David Zheng

Amid national concerns about females being faced with hostile environments in economics departments, Yale’s department has increased its outreach to women in its hiring process and graduate student recruitment efforts.

The department’s graduate student admission days this week featured a social event with prolific female speakers on campus, including Dean of the Faculty of Arts and Sciences Tamar Gendler, Dean of the Graduate School of Arts and Sciences Lynn Cooley and professor of finance and economics at the School of Management Judy Chevalier. The event aimed to highlight women working in economics to prospective Yale students. Current female graduate students also individually reached out to women looking to join Yale’s doctoral program. In addition to graduate student programing, the department has increased the number of offers to female professor candidates.

According to Chair of the Department of Economics Dirk Bergemann, recent outreach efforts come years after an internal review found that gender ratios in the department skewed toward men at all three levels — undergraduate, graduate and faculty.

“We are working toward a more gender-balanced department in all dimensions,” Bergemann said.

According to professor of economics Tony Smith, who also chaired the doctoral admissions committee in economics this year, over the past decade, the fraction of women in Yale’s doctoral program in economics has generally been about 25 percent, roughly equal to the percentage of women in the application pool. And the Office of Institutional Research reported that there were 90 male to 56 female senior economics majors in the 2018–2019 academic school years. Currently, there are 27 tenured male faculty members and only five tenured female faculty members in economics. But this inequity extends beyond Yale. According to an annual report from the American Economic Association, female faculty only constitute a quarter of all faculty in doctorate-granting departments nationwide.

At the end of 2018, hundreds of graduate students and research assistants from Yale and other institutions wrote “An Open Letter Regarding Harassment and Discrimination in the Economics Profession.” The letter –– listing suggestions for improving the internal culture of economics departments –– followed the resignation of Harvard economist Roland G. Fryer Jr. from the executive committee of the American Economic Association. He stepped down from the position after an internal Harvard investigation found him responsible for creating a “hostile and sexualized work environment,” according to the letter.

Smith said the recent outreach efforts are not a direct response to the American Economic Association report or the controversy surrounding Fryer. Instead, he said gender inequality in economics has been a longstanding issue that the department has now decided to address.

“This year we’re making special efforts, but I don’t think it’s [a] direct response to the AEA study,” Smith said. “We want to attract more women in economics. It’s a real loss not to have as many women in economics.”

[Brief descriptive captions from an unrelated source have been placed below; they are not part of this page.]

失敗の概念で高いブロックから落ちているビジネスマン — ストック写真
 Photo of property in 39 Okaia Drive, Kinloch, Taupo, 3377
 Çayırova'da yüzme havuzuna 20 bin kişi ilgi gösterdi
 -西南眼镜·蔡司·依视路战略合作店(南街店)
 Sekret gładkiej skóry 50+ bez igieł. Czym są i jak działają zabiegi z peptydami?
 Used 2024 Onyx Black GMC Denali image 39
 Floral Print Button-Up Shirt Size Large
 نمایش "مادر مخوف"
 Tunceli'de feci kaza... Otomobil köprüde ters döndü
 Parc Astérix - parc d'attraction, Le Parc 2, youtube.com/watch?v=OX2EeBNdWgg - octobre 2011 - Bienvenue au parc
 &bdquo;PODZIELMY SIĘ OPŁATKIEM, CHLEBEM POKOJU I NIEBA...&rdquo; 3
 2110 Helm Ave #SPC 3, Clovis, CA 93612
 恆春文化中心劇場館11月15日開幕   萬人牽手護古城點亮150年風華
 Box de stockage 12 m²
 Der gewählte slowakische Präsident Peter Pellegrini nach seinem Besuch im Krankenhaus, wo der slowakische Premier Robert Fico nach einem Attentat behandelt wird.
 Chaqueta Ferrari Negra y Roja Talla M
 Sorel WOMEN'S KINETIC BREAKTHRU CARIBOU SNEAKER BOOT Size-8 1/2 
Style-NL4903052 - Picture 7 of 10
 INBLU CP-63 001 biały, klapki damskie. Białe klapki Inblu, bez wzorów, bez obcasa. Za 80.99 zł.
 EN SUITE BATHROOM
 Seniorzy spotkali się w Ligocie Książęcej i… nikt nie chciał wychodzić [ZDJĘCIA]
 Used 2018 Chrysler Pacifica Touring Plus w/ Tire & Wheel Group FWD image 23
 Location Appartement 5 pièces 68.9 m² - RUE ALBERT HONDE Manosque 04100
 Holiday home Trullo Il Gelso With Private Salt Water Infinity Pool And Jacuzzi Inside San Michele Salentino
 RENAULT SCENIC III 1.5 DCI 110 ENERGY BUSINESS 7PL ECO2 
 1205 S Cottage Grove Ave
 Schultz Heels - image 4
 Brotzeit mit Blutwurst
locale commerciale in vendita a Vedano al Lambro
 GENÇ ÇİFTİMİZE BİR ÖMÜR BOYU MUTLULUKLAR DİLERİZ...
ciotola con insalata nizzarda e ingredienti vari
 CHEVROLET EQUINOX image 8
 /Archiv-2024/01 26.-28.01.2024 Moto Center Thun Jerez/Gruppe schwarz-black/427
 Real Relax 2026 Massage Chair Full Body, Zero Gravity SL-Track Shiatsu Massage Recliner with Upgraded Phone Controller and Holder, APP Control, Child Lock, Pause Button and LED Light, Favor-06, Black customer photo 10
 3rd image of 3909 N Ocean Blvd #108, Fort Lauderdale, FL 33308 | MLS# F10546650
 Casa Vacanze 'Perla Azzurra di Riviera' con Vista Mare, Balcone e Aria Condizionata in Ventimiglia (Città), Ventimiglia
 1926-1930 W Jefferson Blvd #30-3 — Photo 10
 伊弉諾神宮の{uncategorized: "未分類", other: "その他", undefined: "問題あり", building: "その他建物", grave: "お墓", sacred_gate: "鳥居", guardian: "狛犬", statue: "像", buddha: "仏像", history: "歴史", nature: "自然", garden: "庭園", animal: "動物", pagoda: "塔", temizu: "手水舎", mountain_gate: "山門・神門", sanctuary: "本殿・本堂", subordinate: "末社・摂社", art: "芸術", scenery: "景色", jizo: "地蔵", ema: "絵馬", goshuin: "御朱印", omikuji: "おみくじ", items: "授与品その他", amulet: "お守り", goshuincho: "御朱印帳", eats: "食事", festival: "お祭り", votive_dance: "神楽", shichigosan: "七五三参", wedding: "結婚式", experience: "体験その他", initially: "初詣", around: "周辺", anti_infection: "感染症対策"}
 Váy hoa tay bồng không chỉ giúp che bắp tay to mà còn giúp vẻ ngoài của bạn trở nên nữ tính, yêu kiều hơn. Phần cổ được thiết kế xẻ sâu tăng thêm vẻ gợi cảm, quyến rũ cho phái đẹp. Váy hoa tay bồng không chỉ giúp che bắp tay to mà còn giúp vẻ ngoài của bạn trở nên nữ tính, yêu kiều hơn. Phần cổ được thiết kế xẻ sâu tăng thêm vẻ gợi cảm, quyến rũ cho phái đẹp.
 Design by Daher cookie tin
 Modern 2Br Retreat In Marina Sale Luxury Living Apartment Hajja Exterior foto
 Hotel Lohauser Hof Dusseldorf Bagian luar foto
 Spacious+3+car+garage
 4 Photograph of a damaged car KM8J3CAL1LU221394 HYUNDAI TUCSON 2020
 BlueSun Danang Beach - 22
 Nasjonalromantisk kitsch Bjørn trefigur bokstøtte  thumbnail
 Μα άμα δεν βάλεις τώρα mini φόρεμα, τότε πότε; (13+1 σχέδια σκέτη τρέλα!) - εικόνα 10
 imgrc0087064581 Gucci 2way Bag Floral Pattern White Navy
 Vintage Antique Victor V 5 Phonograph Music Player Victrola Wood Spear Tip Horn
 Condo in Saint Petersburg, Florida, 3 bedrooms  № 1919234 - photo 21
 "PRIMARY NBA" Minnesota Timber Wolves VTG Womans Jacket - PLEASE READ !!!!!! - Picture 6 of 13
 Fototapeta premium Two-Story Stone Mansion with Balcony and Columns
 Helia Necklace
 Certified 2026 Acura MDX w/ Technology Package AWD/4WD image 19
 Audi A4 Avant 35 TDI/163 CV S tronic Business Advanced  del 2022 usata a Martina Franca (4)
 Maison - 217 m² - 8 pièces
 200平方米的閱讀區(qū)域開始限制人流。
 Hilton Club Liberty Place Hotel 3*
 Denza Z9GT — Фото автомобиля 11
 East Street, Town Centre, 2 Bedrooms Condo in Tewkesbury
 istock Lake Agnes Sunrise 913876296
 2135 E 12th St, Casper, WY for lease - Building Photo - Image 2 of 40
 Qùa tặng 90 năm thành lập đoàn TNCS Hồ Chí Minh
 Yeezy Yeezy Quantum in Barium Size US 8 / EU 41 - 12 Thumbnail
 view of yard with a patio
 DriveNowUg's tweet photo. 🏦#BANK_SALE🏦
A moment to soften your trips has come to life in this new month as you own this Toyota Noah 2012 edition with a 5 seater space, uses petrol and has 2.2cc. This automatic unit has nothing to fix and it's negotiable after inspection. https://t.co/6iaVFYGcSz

According to Paula Calvo GRD ’21, a graduate student in the Department of Economics, Yale has created a welcoming environment for her and her colleagues. She said that she and her male counterparts enjoy equal treatment. Still, she added that increasing outreach efforts in the department is important in order to build a gender balance within the department. 

Professor of economics Marina Halac echoed the sentiments of her colleagues, stating that the push for equity needs to occur at various stages of academia. She said that in her role as chair of junior faculty recruiting in the department, she and the other members made conscious efforts to create “a more balanced pool of candidates, trying to identify and recruit some of the best women economists on the market.”

“A key priority is to make sure that we offer effective mentoring for women junior faculty and students,” Halac said. “There is evidence that mentoring can make a big difference. With our recent success in hiring women senior economists, I believe we have an opportunity to make real progress.”

Economics is the most popular major for the class of 2019.